Mariner is among the industry’s largest heavy oil projects underway, carrying one of the heftiest price tags offshore U.K.

“For the Mariner project, Stratas Advisors estimates that the total finding and development capital will end up being approximately $5.8 billion. This economic analysis would put the total capital layout at about $17.5 per boe [barrel of oil equivalent],” Mu said. “We also estimate real operating costs [opex] to be around $7 per boe, resulting in a total cost of $24.5 per boe. From development forward, Stratas Advisors’ current forecast shows a real IRR of around 14.8% and an NPV10 about $5.9/boe.”

Located east of the Shetland Islands in the U.K. North Sea, the Mariner heavy oil field was discovered about 38 years ago. With more than 2 billion barrels of oil in place, the field targets oil from the Heimdal reservoir and the deeper Maureen Formation.

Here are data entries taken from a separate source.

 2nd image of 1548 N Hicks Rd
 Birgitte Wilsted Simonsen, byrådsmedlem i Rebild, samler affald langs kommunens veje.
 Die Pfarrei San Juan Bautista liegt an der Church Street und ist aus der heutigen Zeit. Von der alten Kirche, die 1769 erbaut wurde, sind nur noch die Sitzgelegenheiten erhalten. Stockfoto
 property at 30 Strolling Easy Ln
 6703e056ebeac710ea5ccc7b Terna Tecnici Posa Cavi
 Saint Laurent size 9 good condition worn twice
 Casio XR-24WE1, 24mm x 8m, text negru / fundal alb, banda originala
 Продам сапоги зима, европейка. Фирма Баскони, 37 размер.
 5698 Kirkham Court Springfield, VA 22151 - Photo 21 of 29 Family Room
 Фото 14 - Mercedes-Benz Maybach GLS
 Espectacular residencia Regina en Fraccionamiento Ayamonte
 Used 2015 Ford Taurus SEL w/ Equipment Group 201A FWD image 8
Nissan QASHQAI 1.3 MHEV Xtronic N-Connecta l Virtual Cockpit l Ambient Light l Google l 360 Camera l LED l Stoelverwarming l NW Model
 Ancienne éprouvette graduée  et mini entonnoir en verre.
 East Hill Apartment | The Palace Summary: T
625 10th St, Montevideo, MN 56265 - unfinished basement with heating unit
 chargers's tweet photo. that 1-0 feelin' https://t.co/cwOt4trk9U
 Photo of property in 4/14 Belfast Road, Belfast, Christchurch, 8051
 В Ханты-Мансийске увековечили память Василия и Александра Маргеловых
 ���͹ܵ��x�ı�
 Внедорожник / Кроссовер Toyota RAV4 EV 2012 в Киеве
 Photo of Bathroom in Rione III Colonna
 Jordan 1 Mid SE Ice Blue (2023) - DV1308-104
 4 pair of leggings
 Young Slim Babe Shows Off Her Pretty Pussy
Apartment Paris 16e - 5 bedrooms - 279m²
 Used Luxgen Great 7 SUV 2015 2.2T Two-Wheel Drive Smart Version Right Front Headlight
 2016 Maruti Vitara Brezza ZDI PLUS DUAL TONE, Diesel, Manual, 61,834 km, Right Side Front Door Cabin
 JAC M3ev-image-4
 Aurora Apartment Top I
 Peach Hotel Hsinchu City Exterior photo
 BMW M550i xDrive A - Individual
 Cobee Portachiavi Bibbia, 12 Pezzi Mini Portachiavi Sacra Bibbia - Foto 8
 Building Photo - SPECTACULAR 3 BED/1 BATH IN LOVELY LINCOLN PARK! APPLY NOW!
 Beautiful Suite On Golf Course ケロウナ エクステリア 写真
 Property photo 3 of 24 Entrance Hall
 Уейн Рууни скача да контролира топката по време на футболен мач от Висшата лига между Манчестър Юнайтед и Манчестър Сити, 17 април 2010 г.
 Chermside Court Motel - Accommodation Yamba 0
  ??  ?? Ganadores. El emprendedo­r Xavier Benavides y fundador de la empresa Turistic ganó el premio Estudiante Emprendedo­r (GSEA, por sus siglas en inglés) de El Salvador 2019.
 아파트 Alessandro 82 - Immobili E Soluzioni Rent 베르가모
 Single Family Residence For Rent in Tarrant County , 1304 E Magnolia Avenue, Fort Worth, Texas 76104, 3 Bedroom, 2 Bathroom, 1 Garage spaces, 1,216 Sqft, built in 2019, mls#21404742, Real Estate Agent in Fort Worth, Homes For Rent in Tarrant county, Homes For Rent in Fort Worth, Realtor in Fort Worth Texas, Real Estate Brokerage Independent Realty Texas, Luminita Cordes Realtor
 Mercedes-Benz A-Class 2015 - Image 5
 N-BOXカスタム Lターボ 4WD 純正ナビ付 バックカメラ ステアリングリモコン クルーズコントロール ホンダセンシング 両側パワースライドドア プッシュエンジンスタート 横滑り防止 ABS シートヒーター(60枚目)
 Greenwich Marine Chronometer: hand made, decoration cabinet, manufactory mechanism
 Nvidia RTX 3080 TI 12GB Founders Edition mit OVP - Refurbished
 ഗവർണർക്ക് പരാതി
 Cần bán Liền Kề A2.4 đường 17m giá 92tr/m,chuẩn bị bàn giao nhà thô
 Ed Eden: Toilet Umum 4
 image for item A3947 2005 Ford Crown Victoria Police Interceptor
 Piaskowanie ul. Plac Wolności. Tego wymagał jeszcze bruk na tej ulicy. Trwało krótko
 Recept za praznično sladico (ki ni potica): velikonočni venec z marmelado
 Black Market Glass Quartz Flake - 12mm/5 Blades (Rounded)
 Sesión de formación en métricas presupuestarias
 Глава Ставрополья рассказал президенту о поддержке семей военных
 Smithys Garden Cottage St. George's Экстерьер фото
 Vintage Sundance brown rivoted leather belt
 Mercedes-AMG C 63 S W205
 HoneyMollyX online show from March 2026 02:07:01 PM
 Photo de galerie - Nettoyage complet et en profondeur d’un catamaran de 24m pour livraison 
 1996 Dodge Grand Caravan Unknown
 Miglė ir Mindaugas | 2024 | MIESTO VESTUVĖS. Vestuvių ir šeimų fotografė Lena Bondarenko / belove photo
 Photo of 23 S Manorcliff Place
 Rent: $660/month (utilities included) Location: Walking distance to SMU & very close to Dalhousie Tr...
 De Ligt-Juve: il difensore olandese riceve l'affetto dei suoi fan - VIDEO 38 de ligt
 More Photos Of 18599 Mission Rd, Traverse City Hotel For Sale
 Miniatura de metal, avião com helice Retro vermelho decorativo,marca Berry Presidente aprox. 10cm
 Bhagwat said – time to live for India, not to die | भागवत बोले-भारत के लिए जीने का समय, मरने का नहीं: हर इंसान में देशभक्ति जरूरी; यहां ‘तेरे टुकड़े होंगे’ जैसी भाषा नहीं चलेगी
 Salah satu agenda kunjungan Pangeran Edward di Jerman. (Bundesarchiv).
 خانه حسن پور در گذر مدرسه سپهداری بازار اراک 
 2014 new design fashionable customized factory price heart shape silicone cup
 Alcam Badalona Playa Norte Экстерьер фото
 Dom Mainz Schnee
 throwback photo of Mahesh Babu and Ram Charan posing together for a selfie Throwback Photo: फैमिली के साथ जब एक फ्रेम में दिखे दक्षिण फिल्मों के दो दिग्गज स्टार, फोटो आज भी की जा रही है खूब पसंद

The field is expected to have a 30-year lifespan, according to Equinor, though it sees upside potential. Currently, plateau production is expected to average about 55,000 barrels per day. Its development plan calls for a production, drilling and quarters platform on the Mariner A steel jacket, connected to the Mariner B floating storage unit.

Haaland called the hookup of Mariner one of the largest in Equinor’s history.

“Mariner is a huge topside of 38,000 tonnes,” Haaland said. The Mariner A topside, which was constructed at South Korea’s Daewoo Shipbuilding & Marine Engineering Co. Ltd., was lifted into place in 2017.

“The topside consists of eight large modules [plus] the flare, and all this is to be connected offshore. On top of the complex hook up scope, adverse weather and related logistical challenges led to the startup date being moved from end of 2018 to first-half 2019,” Haaland said. “Close cooperation between the suppliers and Equinor has been important to ensure progress on the project.”